For the material below, reproduce exactly each line from the one that has "Hourglass No Copyright" through the one that has "რობოტი მტვერსასრუტი Dreame", and no others; pictures stay out.
(Beginning of STUDY MATERIAL)
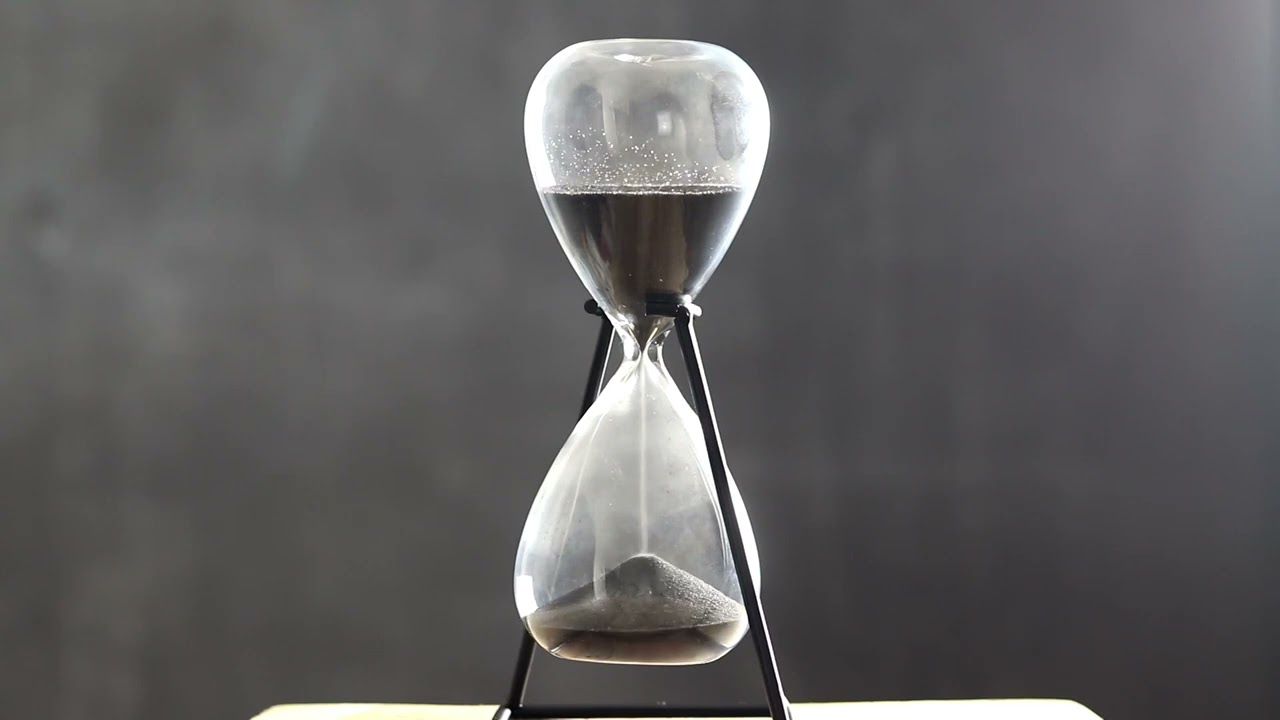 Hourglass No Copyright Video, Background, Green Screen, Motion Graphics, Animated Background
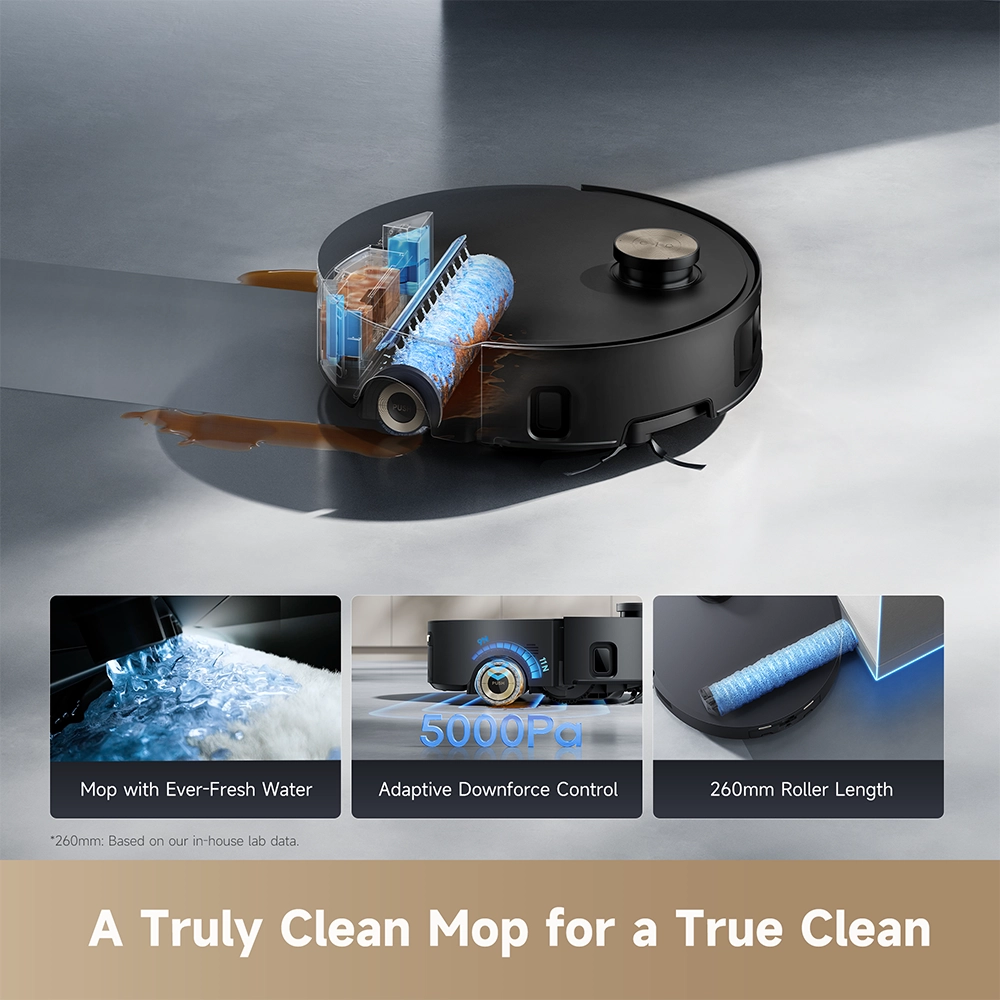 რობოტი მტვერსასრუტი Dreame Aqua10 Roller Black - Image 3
(End of STUDY MATERIAL)
(Beginning of STUDY MATERIAL)
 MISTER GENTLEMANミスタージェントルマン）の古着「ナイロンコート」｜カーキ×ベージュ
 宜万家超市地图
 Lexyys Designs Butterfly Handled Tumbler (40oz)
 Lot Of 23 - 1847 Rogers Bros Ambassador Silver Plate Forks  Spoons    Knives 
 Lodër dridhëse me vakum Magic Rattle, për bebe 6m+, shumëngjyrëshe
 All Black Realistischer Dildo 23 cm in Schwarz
(End of STUDY MATERIAL)
## RESPONSE TO THE EXERCISE
 Hourglass No Copyright Video, Background, Green Screen, Motion Graphics, Animated Background
 რობოტი მტვერსასრუტი Dreame Aqua10 Roller Black - Image 3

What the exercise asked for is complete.